→ Exercise aim: Copy out each line containing "smiling" from the entries below.

→ Data provided:
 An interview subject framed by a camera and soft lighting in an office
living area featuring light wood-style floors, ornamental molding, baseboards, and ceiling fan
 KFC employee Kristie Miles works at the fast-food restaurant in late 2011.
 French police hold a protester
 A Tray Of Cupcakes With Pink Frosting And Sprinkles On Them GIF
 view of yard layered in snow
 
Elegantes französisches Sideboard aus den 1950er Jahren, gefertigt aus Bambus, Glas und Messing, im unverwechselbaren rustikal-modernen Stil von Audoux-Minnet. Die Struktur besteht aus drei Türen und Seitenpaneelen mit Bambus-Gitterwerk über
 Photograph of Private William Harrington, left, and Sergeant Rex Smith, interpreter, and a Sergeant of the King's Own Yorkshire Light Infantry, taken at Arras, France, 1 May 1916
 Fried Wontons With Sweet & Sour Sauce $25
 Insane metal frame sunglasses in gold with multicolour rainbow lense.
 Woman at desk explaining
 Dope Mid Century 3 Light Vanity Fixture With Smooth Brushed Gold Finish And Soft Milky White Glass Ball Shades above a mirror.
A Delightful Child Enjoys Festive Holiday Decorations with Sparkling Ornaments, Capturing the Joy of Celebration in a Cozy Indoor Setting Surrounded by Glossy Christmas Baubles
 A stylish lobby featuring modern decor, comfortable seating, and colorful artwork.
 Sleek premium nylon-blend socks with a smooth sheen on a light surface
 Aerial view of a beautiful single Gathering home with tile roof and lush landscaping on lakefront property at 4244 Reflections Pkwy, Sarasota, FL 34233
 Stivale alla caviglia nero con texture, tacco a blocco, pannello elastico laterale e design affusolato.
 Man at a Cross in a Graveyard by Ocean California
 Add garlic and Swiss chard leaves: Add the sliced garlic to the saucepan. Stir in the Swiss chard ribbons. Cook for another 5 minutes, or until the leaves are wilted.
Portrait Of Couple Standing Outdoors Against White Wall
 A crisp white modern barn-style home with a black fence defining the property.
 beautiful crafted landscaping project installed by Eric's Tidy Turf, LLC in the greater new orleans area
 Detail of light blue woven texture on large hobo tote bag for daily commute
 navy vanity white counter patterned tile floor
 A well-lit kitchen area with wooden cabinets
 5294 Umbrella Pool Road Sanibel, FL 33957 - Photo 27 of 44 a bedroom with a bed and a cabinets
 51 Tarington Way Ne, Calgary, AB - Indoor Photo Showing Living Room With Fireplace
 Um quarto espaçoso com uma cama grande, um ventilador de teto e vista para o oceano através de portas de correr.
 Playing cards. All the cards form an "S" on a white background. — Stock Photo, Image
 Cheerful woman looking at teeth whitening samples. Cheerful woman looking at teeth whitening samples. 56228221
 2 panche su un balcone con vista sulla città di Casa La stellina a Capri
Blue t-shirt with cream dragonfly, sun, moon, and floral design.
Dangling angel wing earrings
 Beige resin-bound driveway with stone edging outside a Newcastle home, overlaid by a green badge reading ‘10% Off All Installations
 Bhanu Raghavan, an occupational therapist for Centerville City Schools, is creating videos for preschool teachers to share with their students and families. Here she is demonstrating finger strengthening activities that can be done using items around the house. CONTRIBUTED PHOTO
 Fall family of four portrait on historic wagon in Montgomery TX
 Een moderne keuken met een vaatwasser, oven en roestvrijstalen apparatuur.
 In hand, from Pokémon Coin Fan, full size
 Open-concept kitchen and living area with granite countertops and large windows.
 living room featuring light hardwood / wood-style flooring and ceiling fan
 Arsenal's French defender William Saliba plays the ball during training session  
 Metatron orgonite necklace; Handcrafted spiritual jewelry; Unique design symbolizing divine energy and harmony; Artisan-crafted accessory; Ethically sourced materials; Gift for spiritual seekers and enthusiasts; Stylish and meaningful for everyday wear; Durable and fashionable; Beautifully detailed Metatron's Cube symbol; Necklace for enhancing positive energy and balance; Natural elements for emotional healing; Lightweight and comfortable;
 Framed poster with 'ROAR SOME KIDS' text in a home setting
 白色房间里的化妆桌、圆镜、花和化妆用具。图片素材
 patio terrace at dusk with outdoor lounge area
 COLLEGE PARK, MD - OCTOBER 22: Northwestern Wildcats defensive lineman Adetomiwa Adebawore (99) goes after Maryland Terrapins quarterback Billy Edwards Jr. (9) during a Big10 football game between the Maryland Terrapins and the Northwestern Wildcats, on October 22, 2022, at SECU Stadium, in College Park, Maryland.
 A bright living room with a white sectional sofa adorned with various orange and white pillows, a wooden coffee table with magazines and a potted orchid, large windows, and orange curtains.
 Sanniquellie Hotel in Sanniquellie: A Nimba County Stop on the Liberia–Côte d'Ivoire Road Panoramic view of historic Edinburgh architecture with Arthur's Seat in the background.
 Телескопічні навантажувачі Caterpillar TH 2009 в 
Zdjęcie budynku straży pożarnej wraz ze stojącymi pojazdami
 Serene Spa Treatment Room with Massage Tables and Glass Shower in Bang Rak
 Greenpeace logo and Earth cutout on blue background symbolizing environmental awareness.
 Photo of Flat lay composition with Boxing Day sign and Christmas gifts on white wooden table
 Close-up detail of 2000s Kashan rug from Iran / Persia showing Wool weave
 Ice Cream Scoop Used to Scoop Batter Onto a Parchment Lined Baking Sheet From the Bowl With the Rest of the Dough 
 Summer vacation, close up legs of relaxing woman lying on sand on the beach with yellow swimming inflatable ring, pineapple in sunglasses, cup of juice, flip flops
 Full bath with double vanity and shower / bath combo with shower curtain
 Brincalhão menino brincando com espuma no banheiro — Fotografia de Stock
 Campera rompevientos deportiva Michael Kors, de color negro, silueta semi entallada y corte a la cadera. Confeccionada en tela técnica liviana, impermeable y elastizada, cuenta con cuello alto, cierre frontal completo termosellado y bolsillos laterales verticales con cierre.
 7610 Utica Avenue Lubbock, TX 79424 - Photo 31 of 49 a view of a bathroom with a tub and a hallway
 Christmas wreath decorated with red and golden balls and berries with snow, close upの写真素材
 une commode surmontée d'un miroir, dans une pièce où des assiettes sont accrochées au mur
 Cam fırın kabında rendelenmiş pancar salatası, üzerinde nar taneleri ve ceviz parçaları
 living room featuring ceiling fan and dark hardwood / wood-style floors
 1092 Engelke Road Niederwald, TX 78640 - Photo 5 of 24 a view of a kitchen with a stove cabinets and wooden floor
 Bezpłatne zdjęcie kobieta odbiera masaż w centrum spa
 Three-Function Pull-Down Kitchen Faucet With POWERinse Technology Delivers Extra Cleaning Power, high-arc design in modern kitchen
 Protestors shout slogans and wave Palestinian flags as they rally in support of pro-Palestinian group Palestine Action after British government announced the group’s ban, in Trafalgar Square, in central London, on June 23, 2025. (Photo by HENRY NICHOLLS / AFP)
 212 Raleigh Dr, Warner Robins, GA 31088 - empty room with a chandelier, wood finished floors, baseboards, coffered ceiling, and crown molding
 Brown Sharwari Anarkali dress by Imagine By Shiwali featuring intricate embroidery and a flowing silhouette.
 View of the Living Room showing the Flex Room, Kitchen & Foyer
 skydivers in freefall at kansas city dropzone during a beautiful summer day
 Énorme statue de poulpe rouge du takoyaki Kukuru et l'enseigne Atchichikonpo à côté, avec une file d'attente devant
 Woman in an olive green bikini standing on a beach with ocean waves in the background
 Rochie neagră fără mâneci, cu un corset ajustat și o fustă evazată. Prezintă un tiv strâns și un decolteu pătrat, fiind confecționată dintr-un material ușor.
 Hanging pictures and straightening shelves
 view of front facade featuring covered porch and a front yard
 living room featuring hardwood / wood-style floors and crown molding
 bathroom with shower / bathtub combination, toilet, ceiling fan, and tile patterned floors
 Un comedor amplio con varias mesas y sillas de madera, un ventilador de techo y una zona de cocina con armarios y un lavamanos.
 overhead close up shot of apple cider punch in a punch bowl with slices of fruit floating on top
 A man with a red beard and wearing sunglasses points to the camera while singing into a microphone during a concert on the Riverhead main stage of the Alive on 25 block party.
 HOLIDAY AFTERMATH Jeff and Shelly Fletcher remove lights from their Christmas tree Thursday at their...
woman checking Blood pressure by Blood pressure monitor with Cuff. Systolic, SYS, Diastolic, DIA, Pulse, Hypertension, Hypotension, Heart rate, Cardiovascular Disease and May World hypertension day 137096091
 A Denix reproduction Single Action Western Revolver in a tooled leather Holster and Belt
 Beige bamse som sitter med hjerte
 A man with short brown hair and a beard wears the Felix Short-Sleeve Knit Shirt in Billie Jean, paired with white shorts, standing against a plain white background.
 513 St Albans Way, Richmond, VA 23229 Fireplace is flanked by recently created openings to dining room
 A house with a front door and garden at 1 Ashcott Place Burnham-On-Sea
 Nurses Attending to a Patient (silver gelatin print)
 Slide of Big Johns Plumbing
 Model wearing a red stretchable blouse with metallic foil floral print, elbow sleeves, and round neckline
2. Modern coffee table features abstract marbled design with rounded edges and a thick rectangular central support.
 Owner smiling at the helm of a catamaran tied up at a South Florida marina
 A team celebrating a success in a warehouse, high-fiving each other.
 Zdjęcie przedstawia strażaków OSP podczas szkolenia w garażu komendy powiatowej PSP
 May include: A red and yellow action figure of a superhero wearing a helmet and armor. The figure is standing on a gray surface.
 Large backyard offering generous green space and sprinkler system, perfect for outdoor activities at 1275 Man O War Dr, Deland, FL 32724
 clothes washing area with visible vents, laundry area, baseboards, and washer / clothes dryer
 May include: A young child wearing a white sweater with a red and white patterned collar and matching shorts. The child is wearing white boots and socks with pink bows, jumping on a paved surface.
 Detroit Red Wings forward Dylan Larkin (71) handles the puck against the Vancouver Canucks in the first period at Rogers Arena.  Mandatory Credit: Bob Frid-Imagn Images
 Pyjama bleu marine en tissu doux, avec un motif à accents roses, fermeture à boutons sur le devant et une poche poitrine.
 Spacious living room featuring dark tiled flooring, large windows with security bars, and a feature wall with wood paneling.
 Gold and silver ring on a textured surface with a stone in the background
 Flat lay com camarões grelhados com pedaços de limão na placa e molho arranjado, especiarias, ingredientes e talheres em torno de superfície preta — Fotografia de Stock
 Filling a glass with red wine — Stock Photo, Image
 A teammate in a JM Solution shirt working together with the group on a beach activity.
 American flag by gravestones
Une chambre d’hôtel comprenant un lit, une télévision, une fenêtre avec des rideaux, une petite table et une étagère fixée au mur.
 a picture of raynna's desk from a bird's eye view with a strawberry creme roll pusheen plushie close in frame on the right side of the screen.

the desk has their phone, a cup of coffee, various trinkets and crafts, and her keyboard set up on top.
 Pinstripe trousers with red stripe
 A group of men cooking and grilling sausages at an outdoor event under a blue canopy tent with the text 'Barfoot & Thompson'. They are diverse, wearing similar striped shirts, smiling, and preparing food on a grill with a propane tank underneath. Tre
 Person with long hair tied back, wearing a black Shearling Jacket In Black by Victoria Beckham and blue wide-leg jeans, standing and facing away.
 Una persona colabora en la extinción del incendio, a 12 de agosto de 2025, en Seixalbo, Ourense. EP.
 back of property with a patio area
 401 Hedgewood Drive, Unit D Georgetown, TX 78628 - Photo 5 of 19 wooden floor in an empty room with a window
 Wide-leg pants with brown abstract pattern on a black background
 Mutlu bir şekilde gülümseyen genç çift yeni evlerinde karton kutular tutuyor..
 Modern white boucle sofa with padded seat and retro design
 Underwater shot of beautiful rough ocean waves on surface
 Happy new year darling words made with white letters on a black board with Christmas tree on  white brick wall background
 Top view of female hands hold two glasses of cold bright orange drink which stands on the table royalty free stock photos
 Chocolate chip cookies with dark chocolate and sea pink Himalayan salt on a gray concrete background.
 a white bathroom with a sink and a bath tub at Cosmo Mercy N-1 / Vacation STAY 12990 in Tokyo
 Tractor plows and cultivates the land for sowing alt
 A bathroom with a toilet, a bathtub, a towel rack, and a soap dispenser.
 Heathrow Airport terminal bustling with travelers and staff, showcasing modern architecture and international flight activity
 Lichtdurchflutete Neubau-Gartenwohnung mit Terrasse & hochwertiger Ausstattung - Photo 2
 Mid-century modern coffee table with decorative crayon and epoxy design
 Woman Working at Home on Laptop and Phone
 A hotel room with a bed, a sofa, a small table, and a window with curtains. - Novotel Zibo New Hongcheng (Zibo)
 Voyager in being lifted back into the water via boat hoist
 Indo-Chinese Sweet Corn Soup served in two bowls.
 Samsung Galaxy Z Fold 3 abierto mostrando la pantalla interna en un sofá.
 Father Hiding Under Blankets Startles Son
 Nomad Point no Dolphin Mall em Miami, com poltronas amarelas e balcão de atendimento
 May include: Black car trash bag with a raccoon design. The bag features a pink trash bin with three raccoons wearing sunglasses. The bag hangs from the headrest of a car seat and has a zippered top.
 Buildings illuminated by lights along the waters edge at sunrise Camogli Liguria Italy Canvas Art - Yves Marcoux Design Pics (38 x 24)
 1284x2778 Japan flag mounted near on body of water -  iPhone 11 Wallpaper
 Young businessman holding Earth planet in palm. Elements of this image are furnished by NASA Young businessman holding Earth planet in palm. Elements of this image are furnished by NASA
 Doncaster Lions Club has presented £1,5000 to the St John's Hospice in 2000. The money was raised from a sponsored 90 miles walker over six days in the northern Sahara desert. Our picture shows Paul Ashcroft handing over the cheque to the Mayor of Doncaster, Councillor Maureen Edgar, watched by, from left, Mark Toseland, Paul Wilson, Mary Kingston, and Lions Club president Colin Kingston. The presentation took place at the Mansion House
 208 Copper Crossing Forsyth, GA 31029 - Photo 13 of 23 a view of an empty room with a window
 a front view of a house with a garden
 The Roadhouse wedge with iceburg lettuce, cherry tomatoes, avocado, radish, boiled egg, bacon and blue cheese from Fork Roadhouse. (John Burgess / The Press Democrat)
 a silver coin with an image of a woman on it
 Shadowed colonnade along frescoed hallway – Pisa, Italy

→ Written response:
 Owner smiling at the helm of a catamaran tied up at a South Florida marina
 A group of men cooking and grilling sausages at an outdoor event under a blue canopy tent with the text 'Barfoot & Thompson'. They are diverse, wearing similar striped shirts, smiling, and preparing food on a grill with a propane tank underneath. Tre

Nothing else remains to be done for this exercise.